Challenge
In Latin America and the Caribbean, traffic accidents are the leading cause of death for people between the ages of 15 and 44. By 2020, this fatality rate is expected to increase by approximately 50 percent, in the absence of targeted road safety initiatives. Low and middle-income countries worldwide experience over 90 percent of road-related traffic fatalities even though they are home to only 48 percent of the world’s registered vehicles. The economic costs of these deaths range from 1 to 3 percent of total gross national product (GNP).
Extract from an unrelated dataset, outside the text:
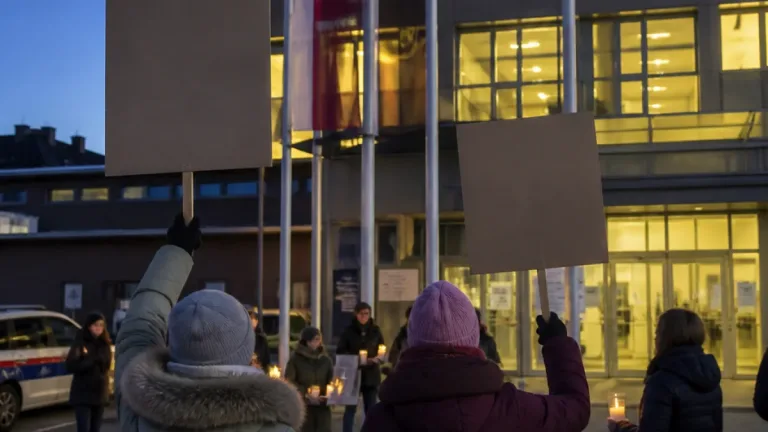 Regierung hält an Spitalsreform fest – Initiatorinnen des Volksbegehrens protestieren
To address this global public health crisis, in 2011, the United Nations declared the “Decade of Action for Road Safety,” with the goal of stabilizing and reducing the forecast level of road traffic fatalities by half, by 2020. This commitment is expected to save 5 million lives worldwide and 325,000 lives in the Latin American and Caribbean region alone.
Solution
The Bank facilitated exchanges between Argentina and Spain to give Argentina the necessary guidance to establish quality baseline data (the absence of which is a key challenge for the region) to track progress and inform subsequent road safety policy decisions.
This project resulted in the inclusion of Argentina in the widely respected International Road Traffic and Accident Database (IRTAD), an aggregated database in which international accident data are continuously collected. This successful knowledge-sharing experience, coupled with Bank assistance to create the Argentine National Road Safety Agency (ANSV), transformed the country into a model for the region.